The Brockley Jack’s commitment to giving a platform to exciting new work under the artistic direction of Kate Bannister cannot be ignored.Pool is one of a number of pieces of new writing in the theatre’s Write Now Festival. It is everything Fringe theatre can achieve and more.
Darren Beaumont as Rob provides the soul of this show. His character is a beautifully observed portrait of a man on the periphery of society and perhaps the edge of his sanity. He lives so vividly within the character it feels as if Rob could have been written for him. The gentle rhythms of life poolside are shattered as Blair’s reforms threaten to close the institution. Rob is not going down without a fight and the play reaches its climax during a rather surreal rain dance. With one of the most detailed sets in a Fringe venue I have ever seen and delicate performances we assume that Pool is a macrocosmic Kitchen Sink drama, but these expectations are subverted with the arrival of Rob’s deceased father played with presence by Alan Booty who seems to hover over the water. With ripple lighting effects the strong realism built up throughout the rest of the play melts away as they begin a duologue that provides the highlight of the evening.
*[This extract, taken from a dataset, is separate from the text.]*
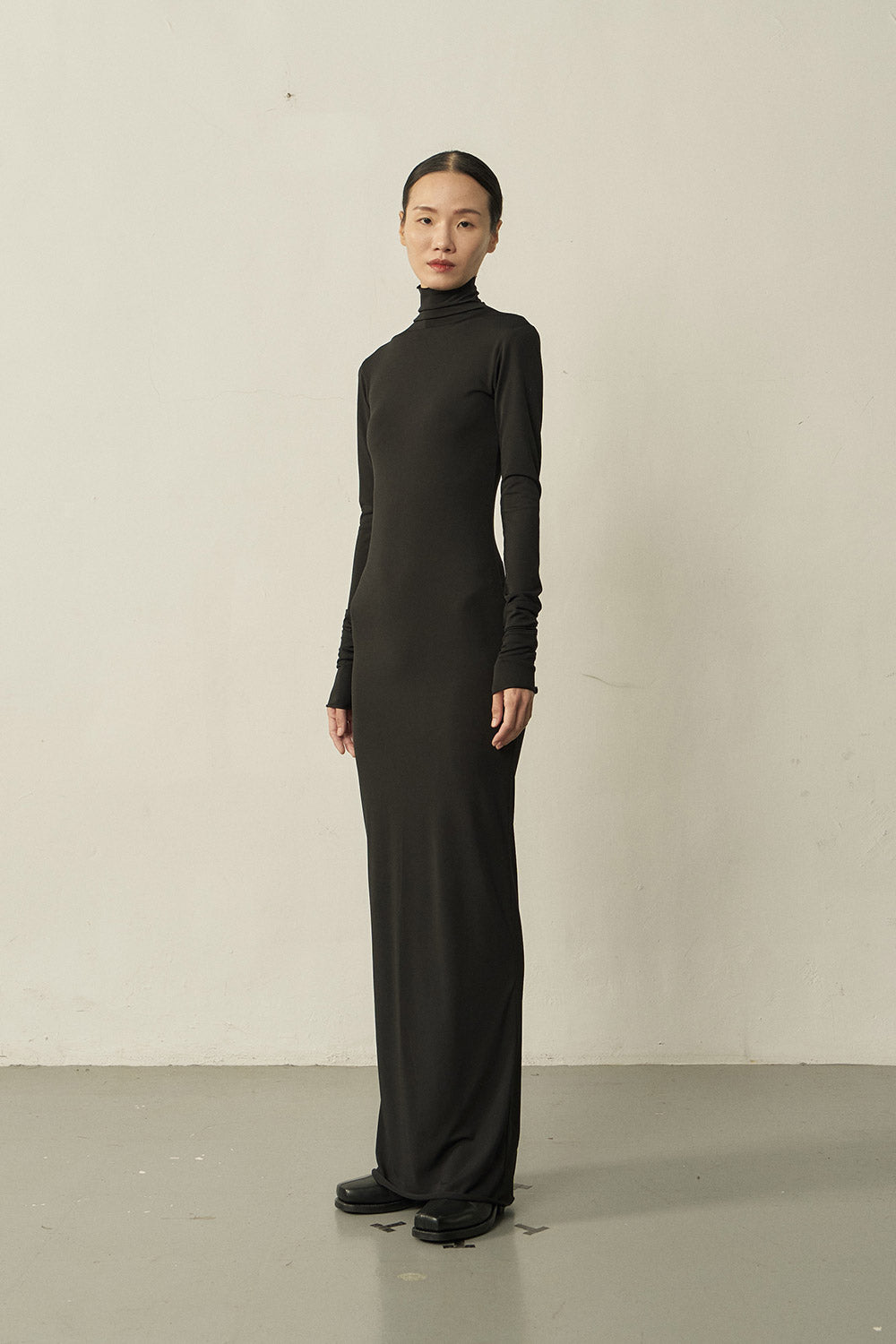BLACK LONG-SLEEVE HIGH NECK SKINNY MAXI DRESS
There is strong work from the rest of the ensemble, especially Rachel Howells as the long-suffering, no nonsense Stephanie. Jonathon Kemp provides a suitably vile and purposefully homogenised sycophant, lost to the banalities of bureaucracy as he slithers up the greasy pole. The threat is established and all the Life guards must choose on which side of this picket fence to stand. Harvey seems to suggest that whenever there is change, there are always losers as well as potential winners. However whether you choose to be a victim or not is up to you. Rob, a man who has let himself be mocked and pushed about until he is sleeping rough on the deckchairs round Pool finally finds a purpose in life. Now committed to saving the pool, he begins to save himself, rectifying his fraying relationships and bolstering his self-worth. Beaumont’s physicality completely changes, he transforms from a hunched underdog into a heroic resistance fighter opening up his considerable wing span and commanding the space.
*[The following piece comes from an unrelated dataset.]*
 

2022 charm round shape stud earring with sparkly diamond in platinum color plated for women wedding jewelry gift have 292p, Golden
Strange that Tom Harvey chooses a Geordie to champion of a piece about South London. I worry he feels we South Londoners can’t be earnest the way straight-laced Northerners seem to be able to be. Well, I’ll try to rectify that. Pool grapples with issues of identity and hope but its story is familiar and human. It teaches us that a triumph is a triumph however comparatively small. It teaches us always to stand up for what for you believe in because the moment you fail is the moment you give up trying. Pool exposes a magic in the everyday if you only want to see it.